The big worry raised by this revelation is that China’s policy to encourage mainland Chinese to immigrate to the region to dilute its ethnic Tibetan population continues under President Xi Jinping’s Sinicization policy.
While the report did not say in so many words that the TAR topped the provincial-level population growth rate, it cited the yearbook as saying the top three regions in terms of natural population growth rates last year were the TAR, the Ningxia Hui autonomous region and Guizhou province, citing them in that order.
Bemoaning the overall decline in the country’s population, given its adverse implications for the country’s economic future, the report said Fujian, Jiangxi and Zhejiang provinces had shifted from positive to negative population growth.
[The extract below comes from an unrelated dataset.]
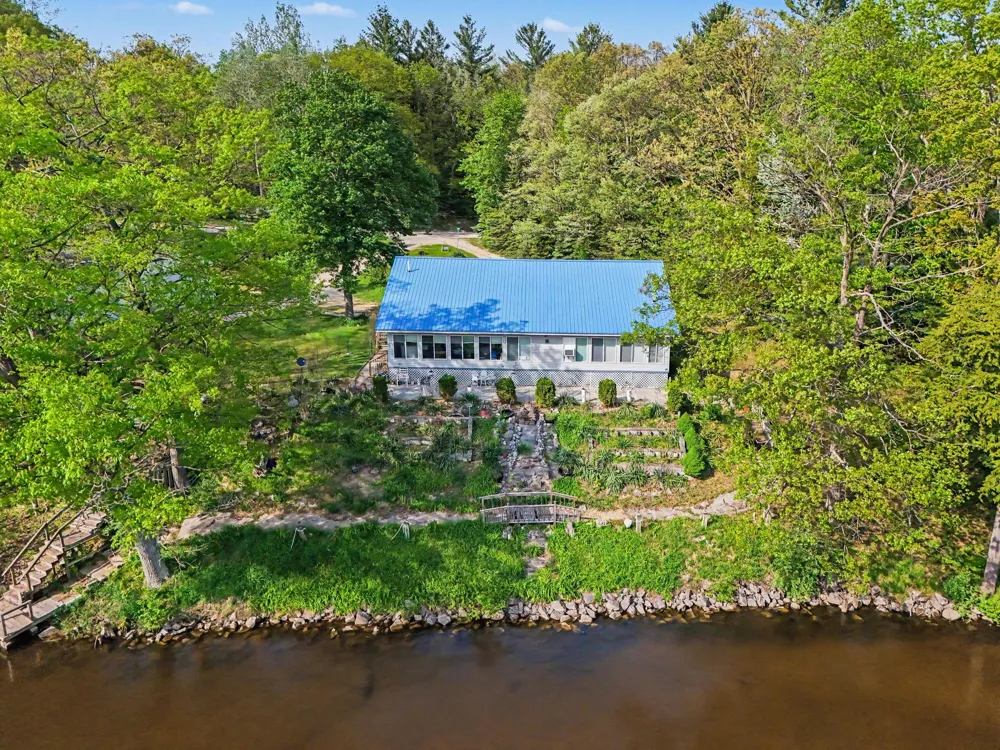 1189 W White Road Free Soil, MI 49411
China’s total population dropped for the second consecutive year in 2023, decreasing by roughly 2.08 million to 1.41 billion. The total number of newborns in the country for the year was 9.02 million, with a birth rate of 6.39 per thousand, the report cited the yearbook as saying.
The five provincial-level regions with the lowest birth rates last year were stated to be Tianjin, Shanghai and the provinces of Liaoning, Jilin and Heilongjiang. Heilongjiang had the lowest birth rate at only 2.92 per thousand.
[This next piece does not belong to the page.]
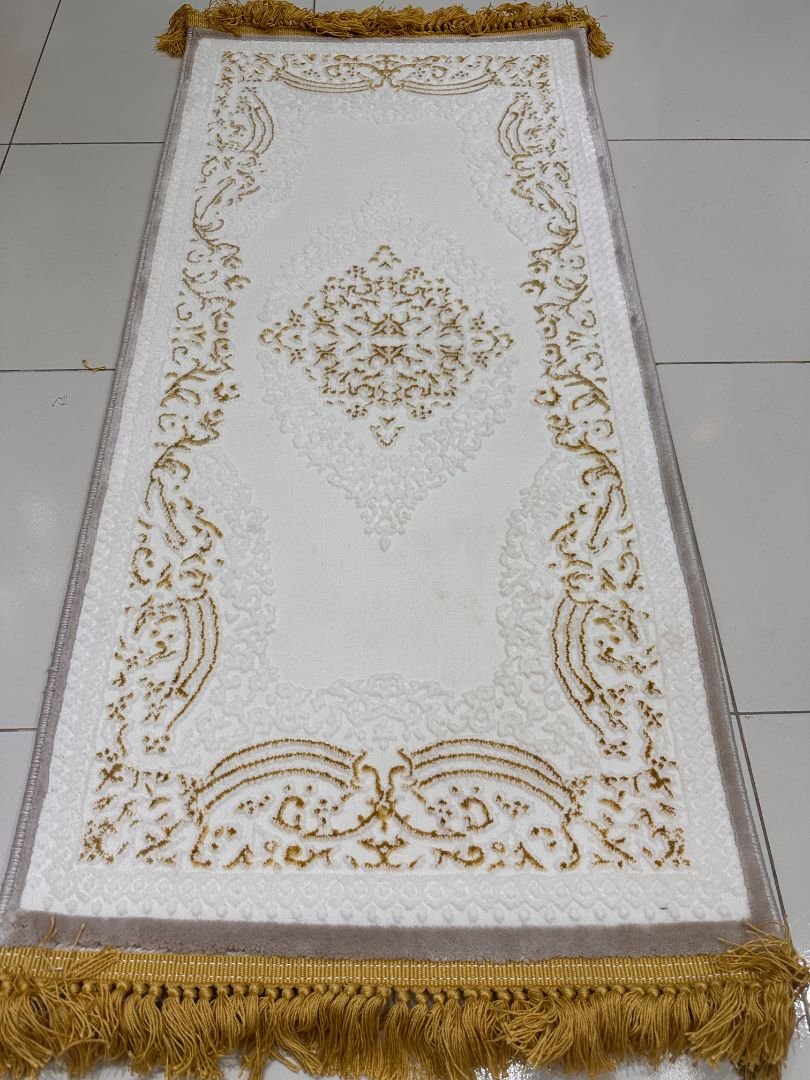 Ivory Palace Persian-Style Turkish Rug – 2×4 ft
Nationwide, the country’s current total fertility rate — the average number of babies born to each woman of reproductive age — has fallen to a concerning level of around 1, the report cited the latest government statistics as showing.
The PRC’s total fertility rate fell below the replacement level of 2.1 to 2.08 in 1992, and the low fertility trend has continued over the past three decades, Yuan Xin, a professor at Nankai University and vice-president of the China Population Association, has noted.
He has said the challenge to raise fertility rates is a long process and comes with extremely high costs.
Guangdong province registered just over 1 million newborns last year, the highest in the country for the sixth consecutive year, according to the yearbook. But this was partly because of Guangdong’s relatively developed economy which, in Yuan’s view, attracts a significant number of people from other provinces, especially young people.
In the case of the TAR, it is a slew of government incentives designed to implement President Xi’s call for its Sinicization which attracts a significant number of people from mainland China.